Under Regulation 11 of the Legal Aid Regulations, the director of legal aid may put a blanket ban – for a maximum of three years – on anyone who has been rejected on four or more occasions and regarded as abusing the legal aid system.
But Kwok said the ban infringed upon his constitutional rights. Article 35 of the Basic law entitles Hong Kong residents to bring legal proceedings against the acts of the government and its personnel.
“The government uses the law to monitor people. The constitution allows people to monitor the government,” Kwok told HKFP. “This is my right.”
Calling the LAD’s decision “ridiculous,” Kwok said: “How can they say I filed too many judicial reviews? The need for judicial review arises when the government breaches the constitution. How can there be a quota for this?”
Though some of Kwok’s judicial review and legal aid applications have been rejected in the past, some other cases have made it to an actual hearing. The Court of Final Appeal will be hearing his case this month over the constitutional right to stand in by-elections.
The elderly man said the decision was politically motivated to stop him suing the government. Last month, he lost a judicial review challenge over the validity of an oath taken by Chief Executive Leung Chun-ying. He expects to be asked for around HK$3 million in legal costs, a sum he cannot afford.
“The government hires the best and most expensive barristers in my cases. Of course I will lose and they make me pay a lot of money. They think I will be afraid, but I am not. So now they resort to this tactic,” Kwok said.
He added that he paid the filing fee of every judicial review application – totalling HK$1,045 – out of his own pocket. He saved money by scavenging for food. He said his winter clothes were donations from university students who interviewed him in the past.
“I don’t mind. I do what I think is right. Even if the government succeeds in silencing me, there will be another Kwok Cheuk-kin,” the 78-year-old said.
For now, Kwok plans to continue with his judicial activism despite the ban. “I will keep seeking justice for others. I will follow the rules,” he said.
Lawyer Michael Vidler told HKFP that the “draconian provision” the LAD relies on should be balanced against Kwok’s constitutional right of access to the courts, given that he is a man without means.
“It should also be noted that over the last three years he has won at least one judicial review, been granted leave by the court in two others and has a pending appeal before the Court of Final Appeal where leave has been granted,” Vidler said.

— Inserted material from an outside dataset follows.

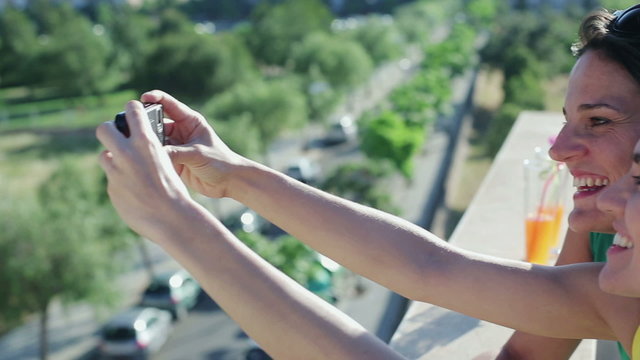 Female friends taking photo with cellphone on balcony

“It could therefore possibly be argued that the imposition of a ban, especially a ban for the maximum period permitted by statute, is unreasonable and challengeable.”
Barrister Chris Ng of the Progressive Lawyers Group told HKFP that the power to impose a blanket ban is discretionary and “the key question is whether the person’s conduct has amounted to an abuse of the facilities provided by the [Legal Aid] Ordinance.”
He said it is debatable whether Kwok had abused the legal aid system. “The Director’s order is amenable to judicial review so Kwok may elect to challenge it,” he said.
Critics have argued that Kwok abused the judicial review system and wasted public money.